The massive water claims
In exchange for a cash buyout, the Klamath Tribes reservation was extinguished by an act of Congress the Klamath Termination Act of 1954. The terms of the buyout were revisited as part of the decades long Klamath Adjudication of pre-1909 water rights. Specifically, the federal government filed the landmark court case, United States vs. Adair. The federal court deciding the Adair case found the Tribes had relinquished their reservation property rights in exchange for compensation. The court found the Tribes retained certain rights to hunt and fish on their former reservation; primarily lands now managed by the federal government.
Enlarging on these hunting and fishing privileges, the federal Bureau of Indian Affairs [BIA] and the Tribes are attempting to justify massive claims to Basin water with priority dates termed "time immemorial." As part of the adjudication, they have filed identical claims for water on 49 stream reaches and two elevation claims (Klamath Lake and Klamath Marsh), and one claim for multiple seeps and springs. Each claimed stream reach has three additional claims for water, all of which must be met prior to anybody irrigating. Furthermore, they are demanding the claimed amount must be met in the entire reach of the stream. Taken together, these claims amount to more water than actually exists!
These flow numbers get even worse on small tributaries. Before the Tribes sold their reservation, Crooked Creek was wholly diverted at the headwaters for agricultural use. That diversion did not, and could not, exceed the natural flow of about 5 cfs. Yet now BIA and the Tribes are claiming 91 cfs for instream use on Crooked Creek. This is a whopping 18 times the natural flow at the headwaters.
Negotiations
Over the past several months farmers throughout the Klamath Basin have been in complex negotiations with the Tribes, working to develop mutually acceptable solutions to the water supply problems. As a condition of these negotiations, all the parties mutually agreed that an acceptable settlement must avoid injury and respect the established needs of the irrigation community.

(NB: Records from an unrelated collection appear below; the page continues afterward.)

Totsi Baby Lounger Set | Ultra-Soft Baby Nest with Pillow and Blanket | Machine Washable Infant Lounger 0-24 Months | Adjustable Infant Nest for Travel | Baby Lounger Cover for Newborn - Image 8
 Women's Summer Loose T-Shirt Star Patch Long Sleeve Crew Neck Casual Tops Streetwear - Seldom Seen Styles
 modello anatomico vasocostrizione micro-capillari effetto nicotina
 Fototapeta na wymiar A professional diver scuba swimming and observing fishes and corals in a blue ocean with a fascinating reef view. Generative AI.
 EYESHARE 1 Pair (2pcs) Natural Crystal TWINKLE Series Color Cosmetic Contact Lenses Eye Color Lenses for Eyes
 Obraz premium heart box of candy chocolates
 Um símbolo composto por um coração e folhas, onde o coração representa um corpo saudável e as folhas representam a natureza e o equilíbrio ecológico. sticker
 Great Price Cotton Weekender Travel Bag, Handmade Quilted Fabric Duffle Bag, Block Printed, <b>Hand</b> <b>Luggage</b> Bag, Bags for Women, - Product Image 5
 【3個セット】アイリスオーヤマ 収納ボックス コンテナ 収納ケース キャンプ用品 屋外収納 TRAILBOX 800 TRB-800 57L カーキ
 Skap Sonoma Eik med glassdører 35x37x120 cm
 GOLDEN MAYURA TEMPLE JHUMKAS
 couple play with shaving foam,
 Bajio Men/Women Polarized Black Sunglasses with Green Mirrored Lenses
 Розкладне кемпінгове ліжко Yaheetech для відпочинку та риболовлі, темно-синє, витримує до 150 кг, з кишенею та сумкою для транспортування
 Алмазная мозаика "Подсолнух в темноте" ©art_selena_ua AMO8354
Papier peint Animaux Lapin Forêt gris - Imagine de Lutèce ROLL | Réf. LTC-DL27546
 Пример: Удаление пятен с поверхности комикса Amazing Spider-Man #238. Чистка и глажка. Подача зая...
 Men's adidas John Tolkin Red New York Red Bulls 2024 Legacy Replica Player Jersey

Portions of these confidential negotiations have been leaked to the press, leading to newspaper reports stating that, in exchange for a settlement, "the Klamath Tribes would refrain from exercising their senior water rights " Taken out of context, this statement might lead the uniformed to believe the tribal proposals are somehow reasonable. Closer inspection reveals the obvious: the Tribes do not currently have water rights to offer, senior or otherwise. The only way they will get water rights is if they gain them in state court or through negotiations.
The settlement proposed by the Tribes would grant them permanent water rights junior to none. In exchange Basin irrigators would receive temporary assurance that the Tribes would refrain from exercising those rights.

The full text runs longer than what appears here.